Miguel Cabrera has been playing hurt for quite some time, and for a lot of that time it didn’t seem to be significantly affecting his performance at the plate. However, it has become impossible to deny that Cabrera’s injuries are negatively affecting him now. In 23 games played since the start of September, Cabrera has only 2 extra-base hits for a slugging percentage that would look low on Ramon Santiago. If you extrapolated his (regular season) September production over a whole season (just multiplying by 7, since that would give you 147 games played – almost exactly as many as he actually has this season) Cabrera would have only 7 home runs and 49 RBI.
Oct 5, 2013; Oakland, CA, USA; Detroit Tigers third baseman Miguel Cabrera (24) removes his batting gear alongside home plate umpire CB Bucknor (54) after striking out against the Oakland Athletics during the third inning in game two of the American League divisional series playoff baseball game at O.co Coliseum. Mandatory Credit: Kelley L Cox-USA TODAY Sports
The way that Miguel Cabrera has been providing value, and he HAS been providing some value at the plate over this span in spite of it all, is through selectivity. Cabrera walked 13 times in September, which is what generated an OBP near .400 and a positive WPA in spite of the lack of power. However, if in early September opposing managers were unaware of Cabrera’s power outage that is certainly no longer the case in the ALDS. Cabrera hasn’t walked yet in the ALDS and A’s pitchers don’t seem too intimidated by him. It’s also important to bear in mind that Cabrera’s aches and pains affect his hitting much less than they affect his defense or his baserunning. Miggy isn’t going to get any infield hits and he’s going to save infielders from errors, he isn’t going to be able to make it to second base on a drive to the gap, he isn’t going to be able to make it from first to third on a single and he isn’t going to be able to make it home on a sac fly – things that even he (or Prince Fielder) would be able to do under normal circumstances. His defense was never a strong suit, but he is now virtually stationary at third base and this will cost the Tigers runs if it hasn’t already.

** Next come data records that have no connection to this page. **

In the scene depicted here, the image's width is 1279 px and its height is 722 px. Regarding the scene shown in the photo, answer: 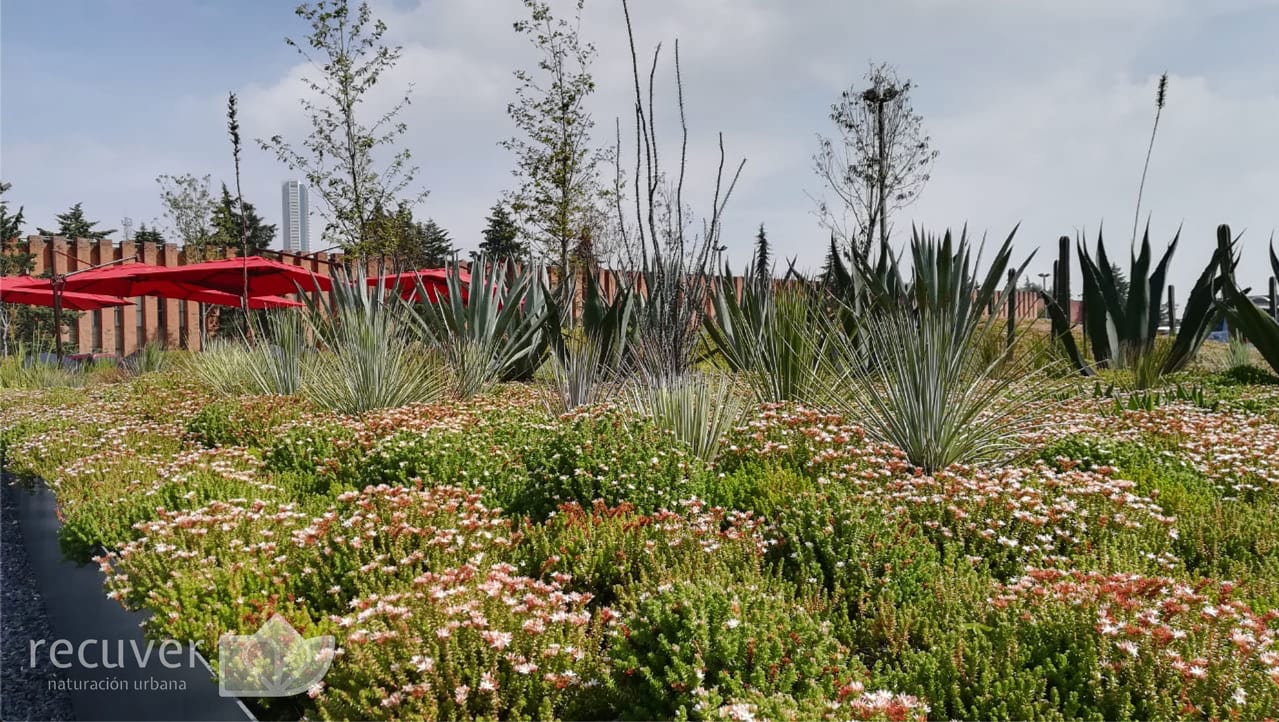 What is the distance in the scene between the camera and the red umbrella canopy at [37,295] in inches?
525

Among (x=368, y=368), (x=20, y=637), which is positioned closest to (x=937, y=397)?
(x=20, y=637)

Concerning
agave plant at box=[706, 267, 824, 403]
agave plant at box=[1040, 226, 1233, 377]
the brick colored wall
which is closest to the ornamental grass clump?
agave plant at box=[706, 267, 824, 403]

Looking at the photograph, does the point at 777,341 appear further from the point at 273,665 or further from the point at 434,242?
the point at 434,242

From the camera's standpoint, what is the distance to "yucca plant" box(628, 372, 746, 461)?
5.32 m

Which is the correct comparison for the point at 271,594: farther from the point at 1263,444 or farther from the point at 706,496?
the point at 1263,444

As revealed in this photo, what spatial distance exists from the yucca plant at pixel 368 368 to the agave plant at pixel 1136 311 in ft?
23.1

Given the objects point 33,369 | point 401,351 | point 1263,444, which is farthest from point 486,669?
point 33,369

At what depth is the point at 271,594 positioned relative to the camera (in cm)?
324

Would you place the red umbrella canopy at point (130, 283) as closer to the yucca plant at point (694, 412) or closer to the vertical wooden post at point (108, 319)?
the yucca plant at point (694, 412)

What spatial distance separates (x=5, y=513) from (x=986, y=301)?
22.8 feet

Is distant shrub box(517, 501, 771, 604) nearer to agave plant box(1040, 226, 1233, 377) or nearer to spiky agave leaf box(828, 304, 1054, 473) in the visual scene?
spiky agave leaf box(828, 304, 1054, 473)

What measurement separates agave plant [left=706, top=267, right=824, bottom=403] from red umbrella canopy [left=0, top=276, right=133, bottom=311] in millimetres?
11570

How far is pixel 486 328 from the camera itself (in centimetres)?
962

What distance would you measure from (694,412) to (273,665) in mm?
3137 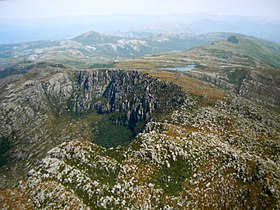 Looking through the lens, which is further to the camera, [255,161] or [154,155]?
[154,155]

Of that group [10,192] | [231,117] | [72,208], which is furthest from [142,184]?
[231,117]

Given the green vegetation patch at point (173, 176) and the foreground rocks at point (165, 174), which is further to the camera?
the green vegetation patch at point (173, 176)

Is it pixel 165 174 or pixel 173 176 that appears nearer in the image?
pixel 173 176

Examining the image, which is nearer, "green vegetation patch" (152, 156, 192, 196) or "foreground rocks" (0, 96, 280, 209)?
"foreground rocks" (0, 96, 280, 209)

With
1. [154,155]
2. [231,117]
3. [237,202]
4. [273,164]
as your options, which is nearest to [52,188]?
[154,155]

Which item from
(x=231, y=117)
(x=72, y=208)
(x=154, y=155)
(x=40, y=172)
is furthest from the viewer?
(x=231, y=117)

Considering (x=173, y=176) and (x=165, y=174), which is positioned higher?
(x=173, y=176)

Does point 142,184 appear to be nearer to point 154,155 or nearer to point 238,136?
point 154,155

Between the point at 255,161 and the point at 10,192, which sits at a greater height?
the point at 255,161

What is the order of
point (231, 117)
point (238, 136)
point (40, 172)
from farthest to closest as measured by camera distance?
point (231, 117) < point (238, 136) < point (40, 172) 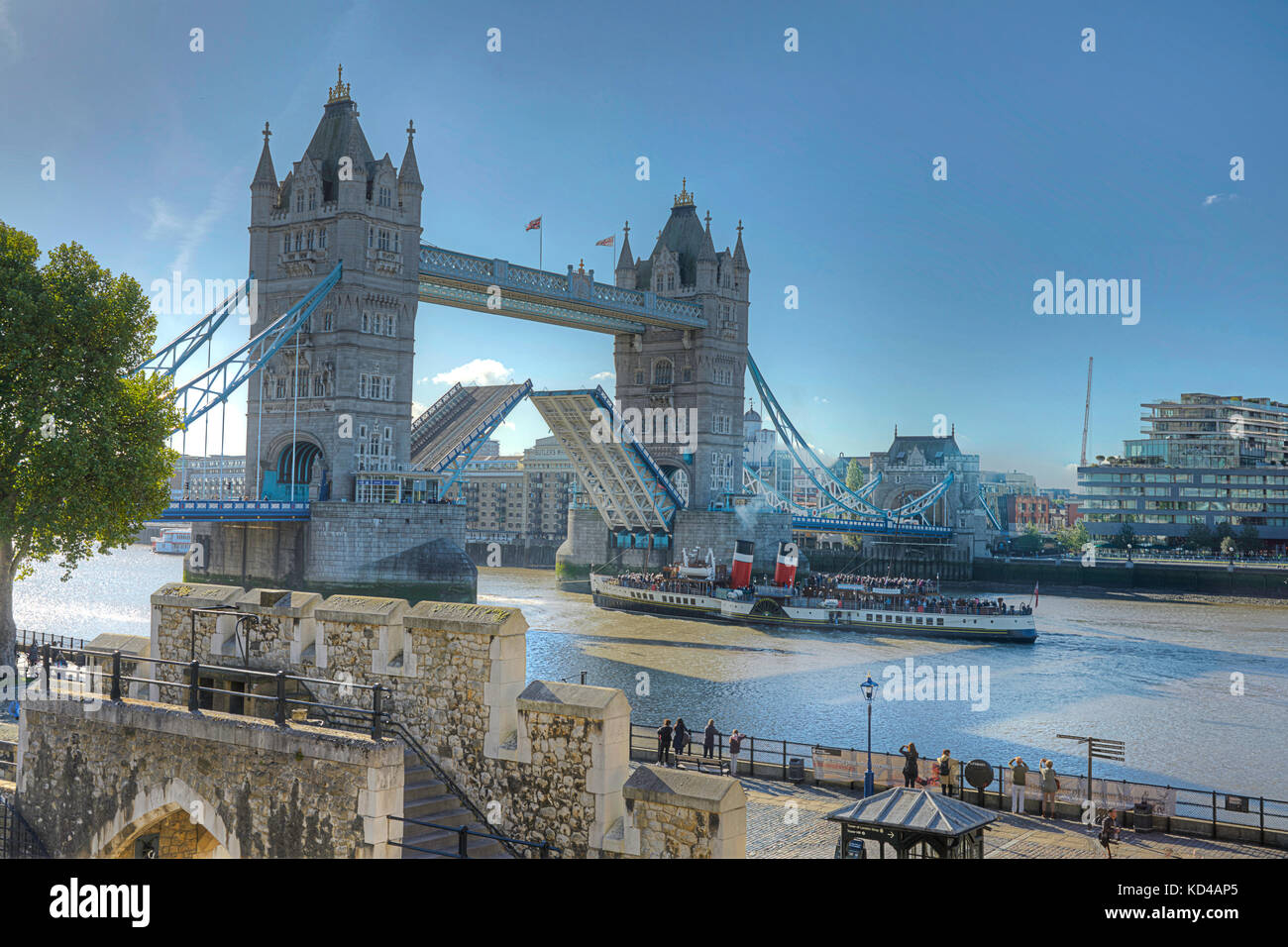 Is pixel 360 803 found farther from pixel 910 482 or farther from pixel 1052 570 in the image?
pixel 910 482

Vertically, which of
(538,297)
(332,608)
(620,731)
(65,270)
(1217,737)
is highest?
(538,297)

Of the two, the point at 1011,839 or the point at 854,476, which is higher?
the point at 854,476

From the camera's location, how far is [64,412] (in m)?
24.0

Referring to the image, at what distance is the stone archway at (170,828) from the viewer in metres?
10.4

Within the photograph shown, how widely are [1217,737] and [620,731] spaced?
1034 inches

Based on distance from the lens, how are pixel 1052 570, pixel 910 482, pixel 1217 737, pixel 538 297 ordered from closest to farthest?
pixel 1217 737, pixel 538 297, pixel 1052 570, pixel 910 482

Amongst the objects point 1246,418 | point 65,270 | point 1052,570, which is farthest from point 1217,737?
point 1246,418

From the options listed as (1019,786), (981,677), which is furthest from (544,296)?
(1019,786)

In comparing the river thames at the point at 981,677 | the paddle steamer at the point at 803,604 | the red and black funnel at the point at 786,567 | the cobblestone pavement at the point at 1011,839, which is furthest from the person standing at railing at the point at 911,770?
the red and black funnel at the point at 786,567

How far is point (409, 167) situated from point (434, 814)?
179 ft

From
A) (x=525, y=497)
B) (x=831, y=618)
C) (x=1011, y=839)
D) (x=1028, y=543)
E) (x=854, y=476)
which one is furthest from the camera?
(x=854, y=476)

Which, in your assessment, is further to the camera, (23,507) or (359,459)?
(359,459)

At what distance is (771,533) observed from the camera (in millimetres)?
79500

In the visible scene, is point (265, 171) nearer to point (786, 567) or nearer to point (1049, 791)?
point (786, 567) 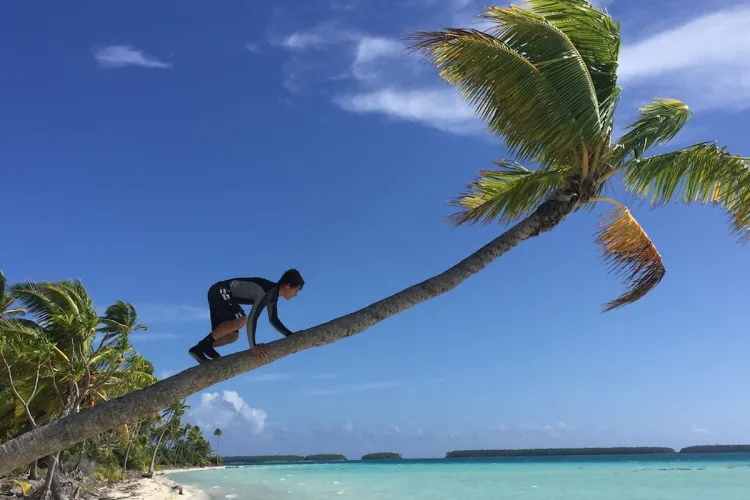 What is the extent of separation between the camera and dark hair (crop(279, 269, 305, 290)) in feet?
18.1

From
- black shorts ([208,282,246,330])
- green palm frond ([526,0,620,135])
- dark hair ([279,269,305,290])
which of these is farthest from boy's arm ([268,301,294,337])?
green palm frond ([526,0,620,135])

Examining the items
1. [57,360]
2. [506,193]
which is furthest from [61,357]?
[506,193]

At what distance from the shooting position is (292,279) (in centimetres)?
550

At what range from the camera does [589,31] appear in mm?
8172

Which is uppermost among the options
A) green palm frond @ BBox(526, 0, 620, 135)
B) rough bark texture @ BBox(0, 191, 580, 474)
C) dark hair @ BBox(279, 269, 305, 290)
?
green palm frond @ BBox(526, 0, 620, 135)

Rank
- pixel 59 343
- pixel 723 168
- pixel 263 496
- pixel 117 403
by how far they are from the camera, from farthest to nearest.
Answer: pixel 263 496 → pixel 59 343 → pixel 723 168 → pixel 117 403

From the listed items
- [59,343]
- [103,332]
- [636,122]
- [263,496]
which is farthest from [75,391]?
[263,496]

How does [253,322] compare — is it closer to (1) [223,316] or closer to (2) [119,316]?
(1) [223,316]

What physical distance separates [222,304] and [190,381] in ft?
3.22

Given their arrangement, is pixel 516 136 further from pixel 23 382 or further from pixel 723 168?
pixel 23 382

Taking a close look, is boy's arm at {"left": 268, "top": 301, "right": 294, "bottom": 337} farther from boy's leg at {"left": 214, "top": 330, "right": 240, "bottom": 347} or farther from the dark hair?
boy's leg at {"left": 214, "top": 330, "right": 240, "bottom": 347}

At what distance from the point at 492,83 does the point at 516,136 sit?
0.76 m

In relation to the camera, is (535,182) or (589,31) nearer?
(589,31)

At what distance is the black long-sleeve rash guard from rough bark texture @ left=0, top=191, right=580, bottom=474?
29 centimetres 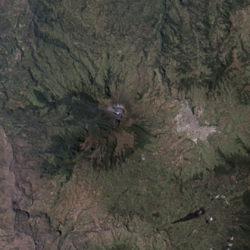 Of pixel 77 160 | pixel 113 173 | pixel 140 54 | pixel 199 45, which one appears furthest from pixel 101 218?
pixel 199 45

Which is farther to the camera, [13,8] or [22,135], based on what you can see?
[13,8]

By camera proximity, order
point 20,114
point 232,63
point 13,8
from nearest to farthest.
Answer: point 232,63 → point 20,114 → point 13,8

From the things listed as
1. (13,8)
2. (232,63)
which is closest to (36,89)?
(13,8)

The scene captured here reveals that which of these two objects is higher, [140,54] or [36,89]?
[140,54]

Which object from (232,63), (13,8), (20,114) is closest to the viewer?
(232,63)

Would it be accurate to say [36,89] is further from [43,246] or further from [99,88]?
[43,246]

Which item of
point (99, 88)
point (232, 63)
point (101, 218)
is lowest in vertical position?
point (101, 218) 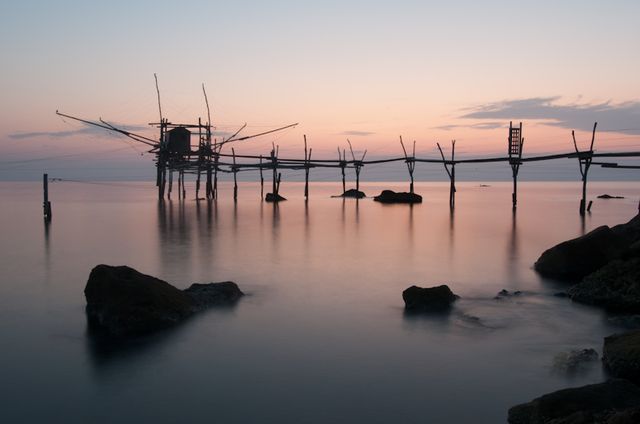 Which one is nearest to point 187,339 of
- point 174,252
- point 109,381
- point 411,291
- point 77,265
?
point 109,381

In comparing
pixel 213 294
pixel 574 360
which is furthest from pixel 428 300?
pixel 213 294

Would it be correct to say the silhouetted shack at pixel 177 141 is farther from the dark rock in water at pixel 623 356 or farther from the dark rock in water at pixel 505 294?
the dark rock in water at pixel 623 356

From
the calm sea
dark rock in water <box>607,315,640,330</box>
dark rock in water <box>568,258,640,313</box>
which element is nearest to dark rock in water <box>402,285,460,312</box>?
the calm sea

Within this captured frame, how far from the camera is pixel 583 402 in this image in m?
5.79

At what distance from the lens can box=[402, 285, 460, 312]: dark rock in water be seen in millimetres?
11961

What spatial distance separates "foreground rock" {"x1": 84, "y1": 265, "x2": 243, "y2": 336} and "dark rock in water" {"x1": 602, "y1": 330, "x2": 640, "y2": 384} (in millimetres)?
7018

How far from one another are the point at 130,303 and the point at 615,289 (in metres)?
9.39

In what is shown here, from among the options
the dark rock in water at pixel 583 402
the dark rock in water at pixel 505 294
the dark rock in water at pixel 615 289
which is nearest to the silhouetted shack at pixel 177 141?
the dark rock in water at pixel 505 294

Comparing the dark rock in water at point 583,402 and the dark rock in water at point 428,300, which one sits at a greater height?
the dark rock in water at point 583,402

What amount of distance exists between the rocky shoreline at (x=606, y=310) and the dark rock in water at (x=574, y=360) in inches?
9.9

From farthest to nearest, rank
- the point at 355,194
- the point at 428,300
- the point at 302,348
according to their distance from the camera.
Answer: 1. the point at 355,194
2. the point at 428,300
3. the point at 302,348

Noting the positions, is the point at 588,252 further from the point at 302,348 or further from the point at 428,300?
the point at 302,348

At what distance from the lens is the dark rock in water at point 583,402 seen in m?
5.66

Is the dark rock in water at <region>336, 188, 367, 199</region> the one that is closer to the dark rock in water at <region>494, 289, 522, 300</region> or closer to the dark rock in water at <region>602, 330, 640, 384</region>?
the dark rock in water at <region>494, 289, 522, 300</region> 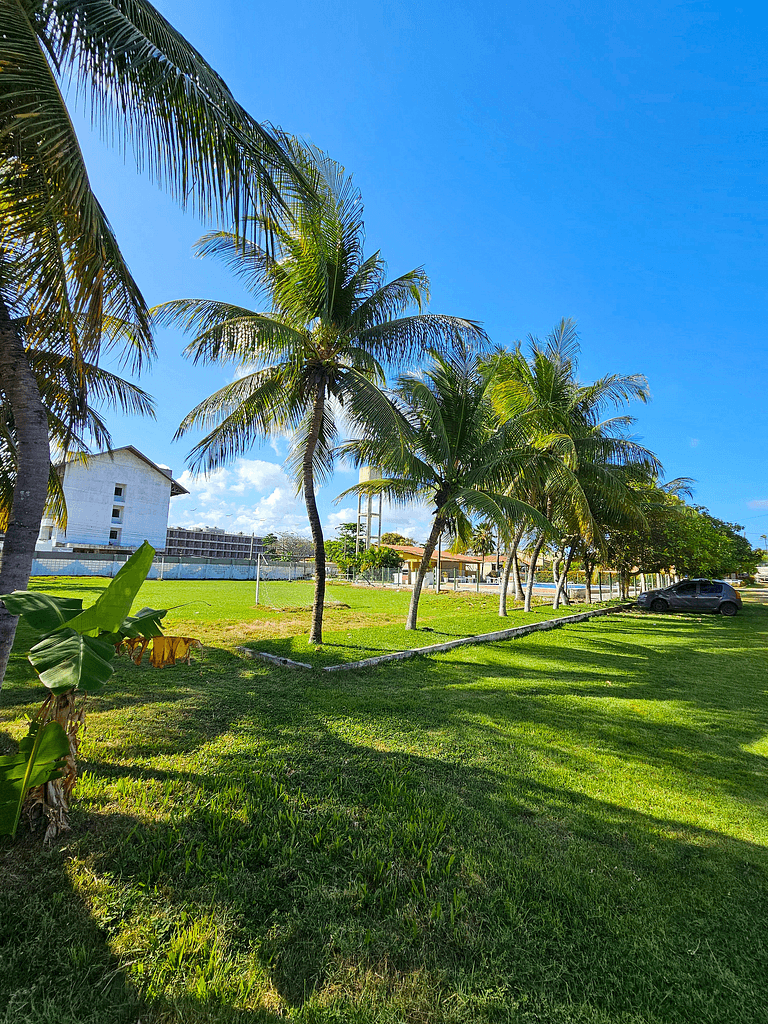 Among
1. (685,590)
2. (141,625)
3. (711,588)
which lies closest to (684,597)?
(685,590)

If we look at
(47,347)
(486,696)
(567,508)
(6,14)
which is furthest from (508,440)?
(6,14)

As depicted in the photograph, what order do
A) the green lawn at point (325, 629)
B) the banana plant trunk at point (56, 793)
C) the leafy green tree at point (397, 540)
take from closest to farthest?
the banana plant trunk at point (56, 793) → the green lawn at point (325, 629) → the leafy green tree at point (397, 540)

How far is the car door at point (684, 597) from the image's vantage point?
19.8m

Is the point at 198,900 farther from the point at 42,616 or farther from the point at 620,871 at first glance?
the point at 620,871

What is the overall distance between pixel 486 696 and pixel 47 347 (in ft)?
21.4

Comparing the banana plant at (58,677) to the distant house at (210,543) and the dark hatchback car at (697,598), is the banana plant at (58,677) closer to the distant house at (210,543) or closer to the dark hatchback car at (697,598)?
the dark hatchback car at (697,598)

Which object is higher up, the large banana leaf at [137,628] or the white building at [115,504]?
the white building at [115,504]

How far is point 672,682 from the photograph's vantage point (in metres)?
7.11

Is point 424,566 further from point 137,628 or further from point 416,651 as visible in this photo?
point 137,628

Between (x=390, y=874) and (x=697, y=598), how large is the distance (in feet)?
72.5

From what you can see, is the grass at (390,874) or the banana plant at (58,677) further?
the banana plant at (58,677)

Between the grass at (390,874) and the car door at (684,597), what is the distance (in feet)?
57.5

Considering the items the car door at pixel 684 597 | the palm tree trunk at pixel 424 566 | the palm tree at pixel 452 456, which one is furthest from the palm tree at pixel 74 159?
the car door at pixel 684 597

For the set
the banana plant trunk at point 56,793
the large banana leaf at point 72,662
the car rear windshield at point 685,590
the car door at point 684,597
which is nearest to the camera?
the large banana leaf at point 72,662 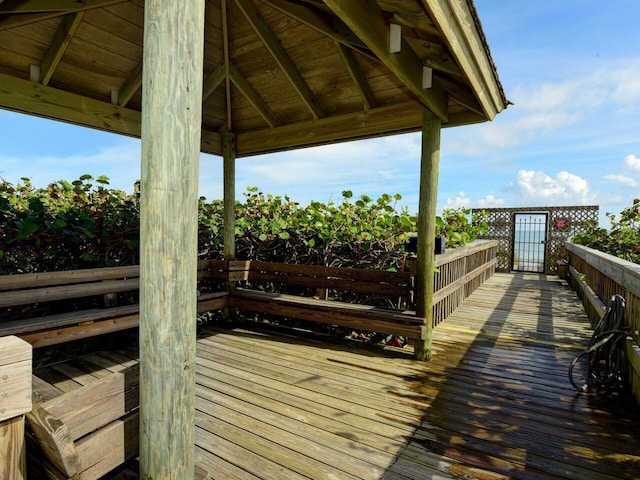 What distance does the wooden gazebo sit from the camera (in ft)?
4.43

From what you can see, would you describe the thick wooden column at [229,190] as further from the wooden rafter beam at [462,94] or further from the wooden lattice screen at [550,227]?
the wooden lattice screen at [550,227]

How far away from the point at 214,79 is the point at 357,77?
77.1 inches

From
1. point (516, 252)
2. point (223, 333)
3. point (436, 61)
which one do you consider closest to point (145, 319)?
point (436, 61)

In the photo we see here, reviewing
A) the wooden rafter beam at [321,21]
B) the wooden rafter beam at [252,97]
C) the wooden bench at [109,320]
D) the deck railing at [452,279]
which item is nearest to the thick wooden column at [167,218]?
the wooden bench at [109,320]

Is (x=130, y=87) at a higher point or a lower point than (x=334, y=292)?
higher

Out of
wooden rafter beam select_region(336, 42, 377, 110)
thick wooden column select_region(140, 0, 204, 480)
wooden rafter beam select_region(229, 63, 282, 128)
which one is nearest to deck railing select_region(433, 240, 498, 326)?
wooden rafter beam select_region(336, 42, 377, 110)

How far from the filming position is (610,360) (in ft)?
10.6

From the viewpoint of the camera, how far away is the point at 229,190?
5.08 m

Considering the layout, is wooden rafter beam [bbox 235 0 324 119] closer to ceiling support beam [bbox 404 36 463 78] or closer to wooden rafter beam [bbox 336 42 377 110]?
wooden rafter beam [bbox 336 42 377 110]

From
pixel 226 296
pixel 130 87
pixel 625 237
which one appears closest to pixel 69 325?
pixel 226 296

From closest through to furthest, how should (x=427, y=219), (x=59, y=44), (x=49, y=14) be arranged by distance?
(x=49, y=14) < (x=59, y=44) < (x=427, y=219)

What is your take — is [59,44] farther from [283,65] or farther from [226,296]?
[226,296]

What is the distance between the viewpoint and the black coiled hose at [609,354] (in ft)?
9.83

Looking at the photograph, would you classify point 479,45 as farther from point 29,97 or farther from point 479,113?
point 29,97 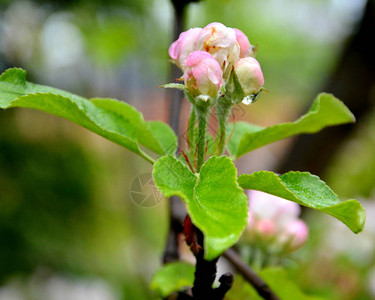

The question that has been posed is whether the Tigers would be better off DHing Cabrera. I think this is the wrong question – Victor Martinez is a more productive hitter at the moment and Alex Avila might be as well. Cabrera is definitely a liability in the field, but he isn’t able to do enough at the plate right now to compensate. Were he unable to play in the field and unable to run the basepaths but able to hit for power, then we would want to keep his bat in the lineup no matter what. If his only remaining tool at the plate is on-base-percentage, this is something that his inability to run interferes with. The right question is whether the Tigers would be better off with Don Kelly at third and Miguel Cabrera on the bench. Even now, Cabrera IS a better hitter than Don Kelly and far, far more likely to get on base. Unfortunately he also has less power than Don Kelly and less ability to score once on base. But the offense isn’t the point – though I would argue that if you combine legs and bat Kelly would be no less valuable of a package than Cabrera as a DH at the moment. The defense is the point… Cabrera is a -10 run defender when he’s healthy. He’s far worse than that now. Don Kelly is at least a +10 defender at third (we’ll leave Ramon Santiago out of this, his reflexes and quick feet help in the middle infield but he doesn’t have the reach for third base) maybe better. The Tigers are stuck, for better or worse, needing to win pitchers duel after pitchers duel to advance. At the moment the best way to do this looks like starting Don Kelly at third and giving Miguel Cabrera a single, solitary pinch-hit at bat every night (before being pulled for Hernan Perez if he makes it to first).